Alimentação: Quando não estávamos na montanha nós comemos quase sempre nos hotéis, e por vezes em restaurantes. No que se refere à alimentação para as actividades levamos o que mais gostávamos de Portugal, inclusive no que se refere aos liofilizados para as refeições maiores. De qualquer forma é possível encontrar alguma comida desidratada ou snacks numa das várias lojas de montanha que tínhamos disponíveis nas ruas próximas do hotel em La Paz. Como fogões usamos os normais a gás de rosca e para-ventos tipo Jetboil e compramos também nas lojas de material de montanha . Não houve dificuldade em encontrar mas convém comparar pois os preços variam de local para local.
Equipamento: Apesar de não apanharmos temperaturas muito mais baixas do que, por exemplo, nos Alpes, vimos vários relatos que pessoas que apanharam até 20 graus negativos e princípios de congelações. Estas temperaturas tem essencialmente a ver com ventos que podemos apanhar, a sensação térmica muito baixa que originam e com o ar seco que transportam. Esse é o principal perigo destas montanhas depois da altitude. Sendo locais muito aberto de planalto o vento não tem praticamente nenhum obstáculo. Nós levamos casacos de penas grossos, sem ser de expedição, em conjugação com outras camadas de casacos de fibras, forro polar e impermeável de membrana como corta-vento. Sem ser no hotel, eu nunca usei o casaco grosso em altitude. Para as pernas chegaram as calças de primeira camada, forro polar e impermeável de membrana como corta vento. Para quem tenha um pouco mais de frio um suplemento pode ser interessante. Em relação às botas tivemos quem arrisca-se com umas botas iguais às que levaria para os Alpes. No meu caso reforcei com um cobre-botas integral e usando meias de lã de merino. A conjugação funcionou muito bem sem ter necessitado de investir muito. As luvas é algo que vale a pena investir, sendo que as manapolas são uma boa solução para este tipo de terreno menos técnico, mantendo bem as mãos quentes. Algo muito recomendável é levar bastões. Ajudam muito nas descidas através dos penitentes ou do cascalho.
Livros e Mapas: Não existem muitos livros sobre estas montanhas ao contrario de outros maciços da Bolivia. Um bom livro, que foi escrito já alguns anos mas tem muitas informações sobre as vias, trata-se do livro Bolivia: A Climbing Guide de Yossi Brain e Paula Thurman. Apesar de já não estar a ser editado, ainda conseguimos encontrar alguns exemplares à venda na internet.

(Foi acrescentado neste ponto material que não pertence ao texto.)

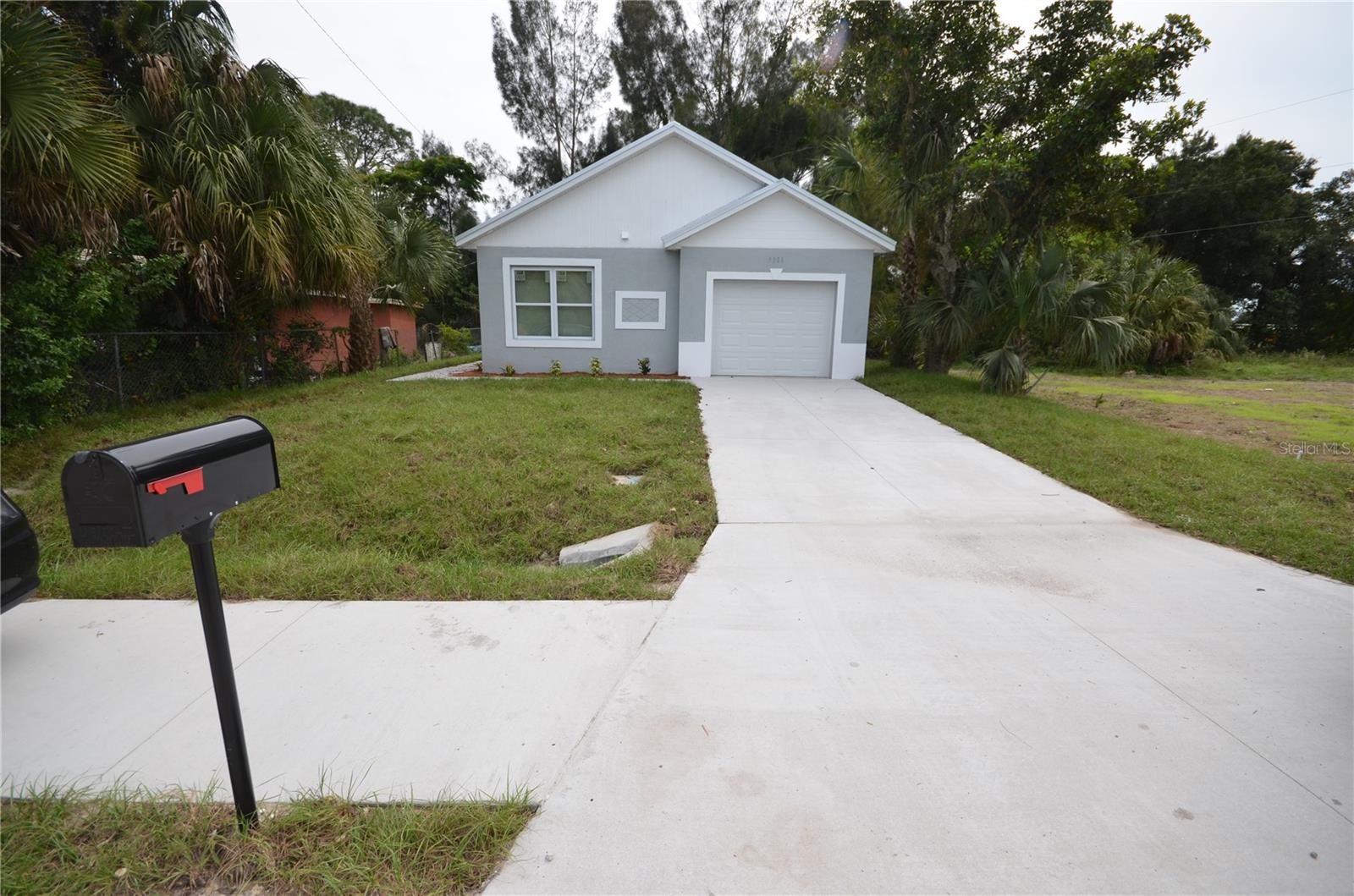 3306 BASSIE CT, FORT MYERS, FL, 33916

Uma solução mais recente, apesar de só existir para Kindle, é o livro Cordillera Occidental: The Andes, a Guide For Climbers de John Biggar, que tem também boa informação e é barato.
Em relação aos mapas soube que é possivel adquirir em La Paz numa livraria oficial, mas eu optei por comprar uma edição em livro de 2018 Hiking & Trekking in Sajama National Park de Sergio Mazitto. Tem excelentes desenhos e é recente.
Além dos livros podemos encontrar várias descrições de actividades neste maciço na internet.
População: o povo boliviano não é de muita empatia. Apesar de não serem antipáticos de uma forma geral, não são um povo com um relacionamento fácil e aberto. No entanto o pais tem muito para ver e montanhas para conhecer que bem valem a viagem.